Roberto Mancini admitted last night that Manchester City will be locked into an eternal cycle of Champions League groups of death unless they can begin transferring their domestic form to Europe.
A total of 57 shots have rained in on City's goal in this season's competition so far - more than any other club across the eight groups - and with one point mustered from those unconvincing first two games, exactly the same points tally after the opening matches of last year's unsuccessful group stage, tonight has another make-or-break quality about it. Mancini would not even contemplate the notion that defeat against a young Ajax side would bring this campaign to a close. "We can't think about games this way. We have to win and then talk," he said. But he smiled winsomely when it was put to him that City faced a third successive campaign up against the Europe's toughest sides if they could not break through to the high ground of the knock-out stage. "We want to play for a better seeding," Mancini said. "We must take our chance."
It was perhaps encouraging that his players wanted to take in how it feels to be at club with a rich European history yesterday. The manager dispensed with the recent practice of training at Carrington to meet their requests to view an Amsterdam Arena stadium whose interior walls are adorned with images of legends.
After the pounding Joe Hart's goal received from Borussia Dortmund, who beat the Dutch side only narrowly, Mancini - who is without David Silva, Jack Rodwell, Maicon and Javi Garcia - has grounds for more anxiety and Vincent Kompany's was also a bit touchy about the error which allowed Shane Long to score against City for West Bromwich Albion on Saturday. "My fitness is great, I'm in top form," he said sharply. "I'm just looking forward to the many games that are coming. "I can only say I have a long career ahead of me, anyone say it won't happen again would be lying."
If City can't progress through these back-to-back ties with the Dutch, who are yet to record a point, then they do not deserve to progress in the tournament of European champions.

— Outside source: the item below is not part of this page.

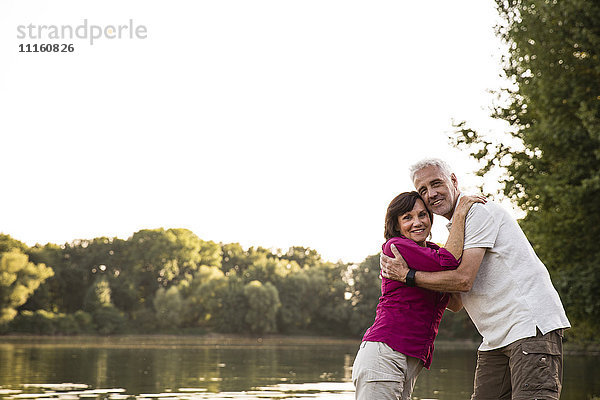 Lächelndes Seniorenpaar umarmt einen See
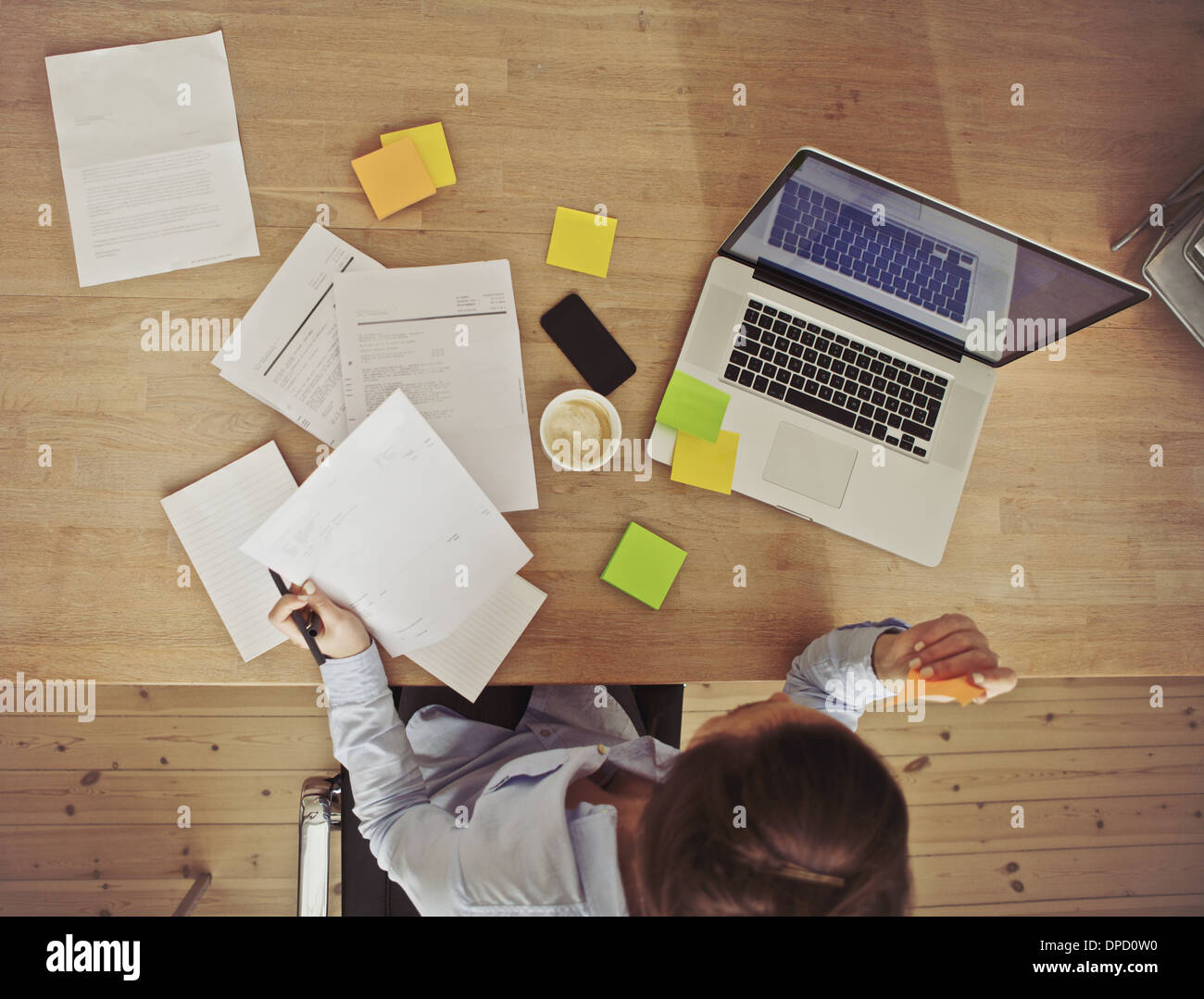 Top view of young woman working at her desk with laptop and documents. Business woman working at desk in office. Stock Photo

Frank De Boer was proud to say that Mancini's four strikers "cost more than the annual turnover here", though his reliance on youth is not all a bed of roses at the moment. De Boer was so infuriated by the callow sacrifice of a two-goal in the 3-3 draw with Heracles Almelo at the weekend that he accused the players of lacking the same ability to "punch dressing room walls" that he possessed as a player. His striker Ryan Babel observed wryly yesterday that the walls "must have been softer back then." But De Boer said he would certainly rather do it the fabled Ajax way than the City way, though he was reluctant to add his club's name to the list of continental sides who castigate Abu Dhabi's spend on City as immoral. "It is like that," he said of their money. "They do nothing illegal I think. We have no money like that so we have to be inventive and creative and we try to use our academy to get good development of young players and that's how we survive. I like it more that way than just buying them, even though that's much easier. It's a philosophy. We have a different philosophy."
The loss of his best two players, Jan Vertonghen and Anita Vurnon, to Tottenham and Newcastle United respectively has left the manager with a side of topsy-turvy form, who were overwhelmed 4-1 by Real Madrid here three weeks ago, and have little in reserve. It tells us something that they are reliant on Liverpool's cast-offs - Christian Poulsen and a rejuvenated Babel - for experience.
A Dutch journalist's curiosity with the modern legend of moneyed Manchester City led to Mancini being asked whether it was true that nine times out of ten he bought the players he wants. "It is not true that I get [who] I want," he replied. The same goes for Champions League opposition. Tonight is the chance to put a change to that.